Ingredients:
- 1 cup (240 ml) whole milk
- 1 cup (240 ml) heavy cream
- 3/4 cup (150 g) granulated sugar
- 4 large egg yolks
- 2 tablespoons matcha powder (ceremonial grade for best flavor)
- A pinch of sea salt
Instructions:
- In a small bowl, whisk matcha powder with a couple of tablespoons of hot water to create a smooth paste.
- In a medium saucepan, combine the milk and heavy cream. Heat over medium heat until steaming but not boiling.
- In a separate bowl, whisk together the sugar, salt, and egg yolks until pale and slightly thickened.
- Gradually pour the hot milk mixture into the egg yolks, whisking constantly to avoid scrambling the eggs.
- Return the mixture to the saucepan and cook over low heat, stirring continuously until it thickens and coats the back of a spoon (about 8-10 minutes).
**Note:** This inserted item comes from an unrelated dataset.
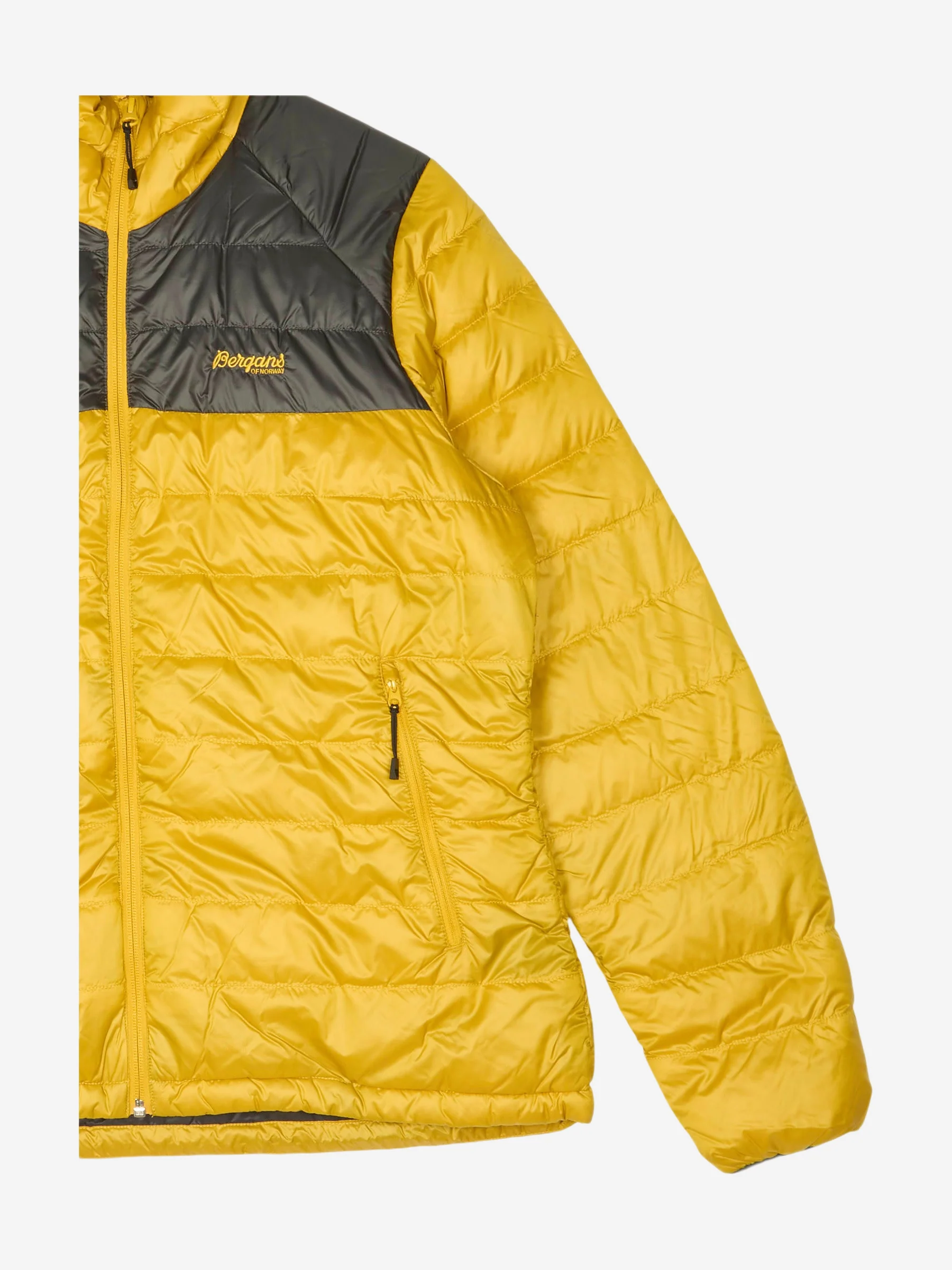 Daunenjacke für Damen - Image 3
- Remove from heat and stir in the prepared matcha. Strain the mixture through a fine mesh strainer into a bowl to remove any clumps.
- Cover the bowl with plastic wrap and chill in the refrigerator for at least 30 minutes or until cold.
- Pour the chilled mixture into an ice cream maker and churn according to the manufacturer’s instructions.
- Transfer the ice cream to an airtight container and freeze for at least 4 hours before serving.